Data Lake API
Internal API for querying the AINative data lakehouse. Agents use these endpoints to access their own performance data, platform metrics, and external data sources stored as Parquet files in MinIO (S3-compatible object storage).
Architecture
External Data / Platform DB
|
v
Celery Beat (scheduled tasks)
|
v
Celery Worker
|
v
PyArrow Table (in-memory)
|
v
Parquet (Snappy compression)
|
v
MinIO S3 (ainative-lake bucket)
|
v
DuckDB (query engine, read_parquet over S3)
|
v
JSON response to caller
Data Flow
- Collection/Export -- Celery tasks run on a Beat schedule (or are triggered manually). Each task queries a data source (Postgres tables, external APIs, etc.) and produces a PyArrow Table.
- Storage -- The PyArrow Table is serialized to Parquet with Snappy compression and written to MinIO at a deterministic path:
raw/{partition}/date={YYYY-MM-DD}/data.parquet. - Query -- The lake query endpoint accepts SQL, rewrites table names to
read_parquet('s3://ainative-lake/raw/{partition}/date=*/*.parquet')globs, and executes via DuckDB with the httpfs extension pointed at MinIO.
Bucket Structure
ainative-lake/
├── raw/ # Source-of-truth snapshots (append-only)
│ ├── agent_run_log/
│ ├── mcp_request_logs/
│ ├── platform/ # Platform intelligence layer
│ │ ├── llm_token_usage/
│ │ ├── agent_heartbeats/
│ │ └── ...
│ ├── external/ # External data sources
│ │ ├── slack/
│ │ ├── scc/
│ │ └── ...
│ └── business/ # Business app exports
│ ├── crm/
│ ├── commerce/
│ └── voice/
├── derived/ # Computed aggregates
│ ├── intelligence_scores/
│ ├── velocity_metrics/
│ └── predictions/
└── exports/ # One-off exports (TTL: 7 days)
Endpoints
POST /api/v1/internal/lake/query
Query lake partitions using SQL. Only SELECT queries are permitted. Table names in the SQL are automatically rewritten to read_parquet() calls against MinIO.
Request
{
"sql": "SELECT agent_id, COUNT(*) as runs FROM agent_run_log GROUP BY agent_id",
"limit": 100
}
| Field | Type | Required | Default | Constraints |
|---|---|---|---|---|
| sql | string | yes | -- | 10-4000 chars, SELECT only |
| limit | int | no | 100 | 1-1000 |
Response
{
"columns": ["agent_id", "runs"],
"rows": [
["aurora", 142],
["sage", 98]
],
"row_count": 2,
"source": "lake",
"partition": "agent_run_log"
}
| Field | Type | Description |
|---|---|---|
| columns | list[str] | Column names from the result set |
| rows | list[list] | Row data as nested arrays |
| row_count | int | Number of rows returned |
| source | string | "lake" on success, "unavailable" if query failed |
| partition | string/null | The matched partition name, or null |
SQL Table Name Mapping
In your SQL, use the partition name with slashes replaced by underscores. The endpoint rewrites these to S3 glob paths automatically.
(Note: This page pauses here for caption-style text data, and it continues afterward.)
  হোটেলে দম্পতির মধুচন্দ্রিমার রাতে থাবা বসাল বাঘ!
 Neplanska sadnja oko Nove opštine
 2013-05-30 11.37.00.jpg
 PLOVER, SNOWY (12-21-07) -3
| Write in SQL | Resolves to |
|---|---|
agent_run_log | read_parquet('s3://ainative-lake/raw/agent_run_log/date=*/*.parquet') |
platform_llm_token_usage | read_parquet('s3://ainative-lake/raw/platform/llm_token_usage/date=*/*.parquet') |
external_scc_edd_labor | read_parquet('s3://ainative-lake/raw/external/scc/edd_labor/date=*/*.parquet') |
Example Queries
-- Agent activity over 30 days
SELECT agent_id, status, COUNT(*) as cnt
FROM agent_run_log
GROUP BY agent_id, status
ORDER BY cnt DESC
-- LLM token costs by model
SELECT model, SUM(total_tokens) as tokens, SUM(cost_usd) as cost
FROM platform_llm_token_usage
GROUP BY model
ORDER BY cost DESC
-- SCC labor market data
SELECT * FROM external_scc_edd_labor LIMIT 50
If a LIMIT clause is not present in the SQL, the endpoint appends LIMIT {limit} from the request body (default 100, max 1000).
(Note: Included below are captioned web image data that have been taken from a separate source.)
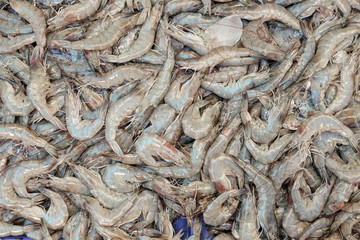 whiteleg shrimp, pacific white shrimp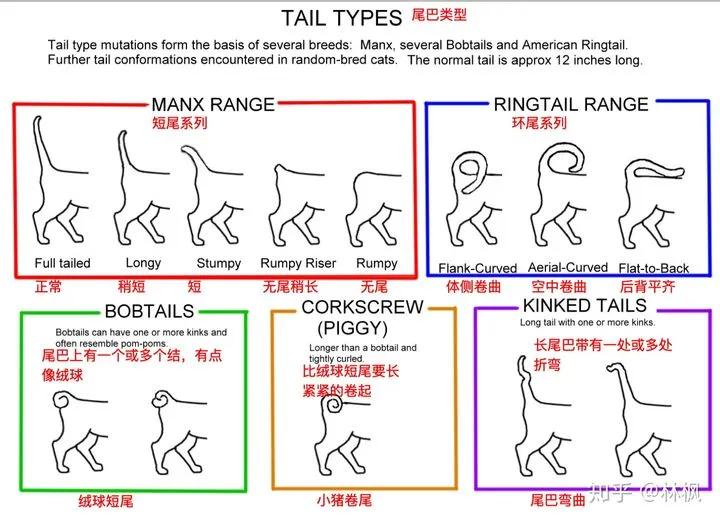 猫咪体型对照表,猫咪体型大全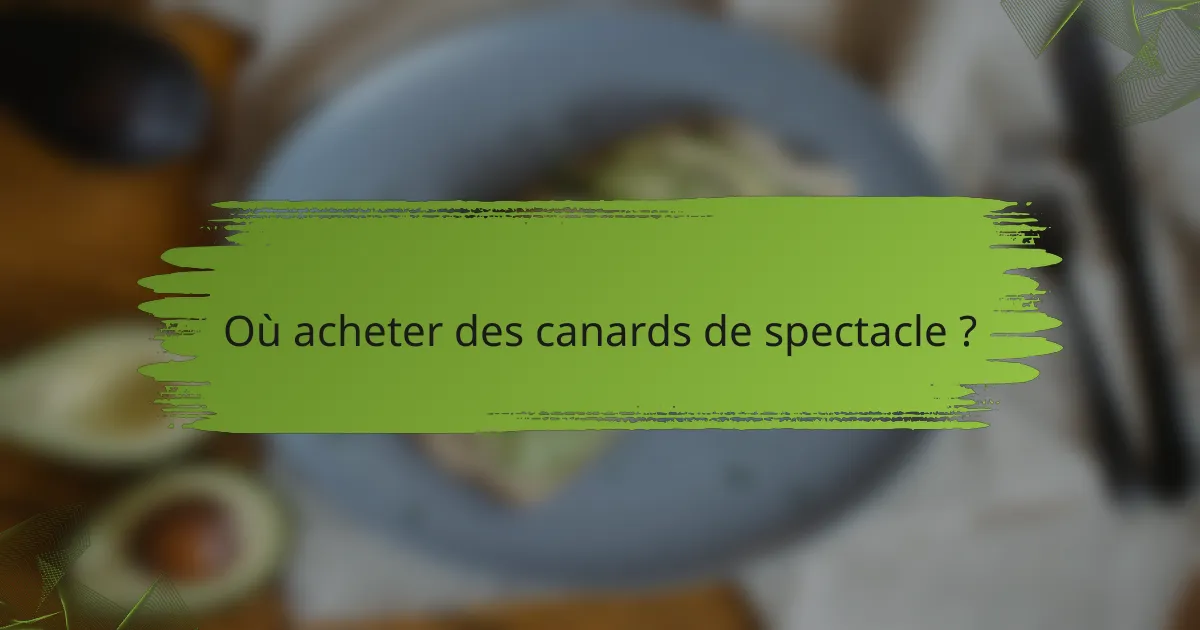 Où acheter des canards de spectacle ?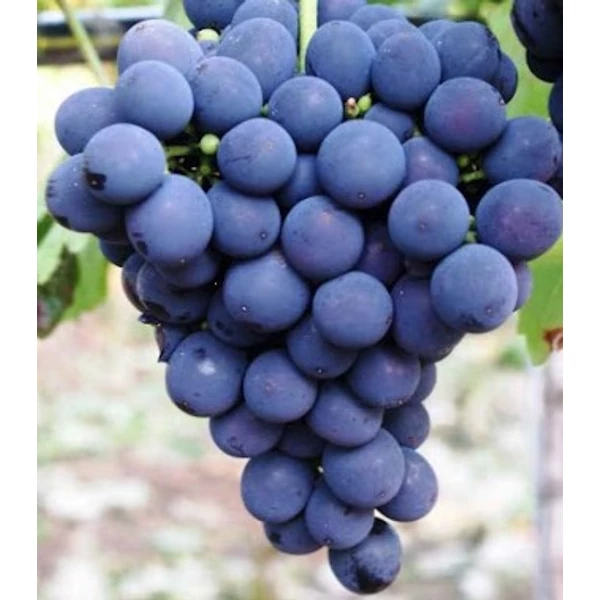 Szőlővessző oltvány EXTRA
GET /api/v1/internal/lake/tool-definition
Returns the LAKE_QUERY_TOOL JSON schema for registering the lake query capability with ZeroMemory or any OpenAI-compatible tool-use system.
Headers
| Header | Required | Description |
|---|---|---|
| X-Internal-API-Key | yes | Must match AINATIVE_INTERNAL_API_KEY env var |
Response
Returns the tool definition JSON that agents use to discover available lake queries and their parameters.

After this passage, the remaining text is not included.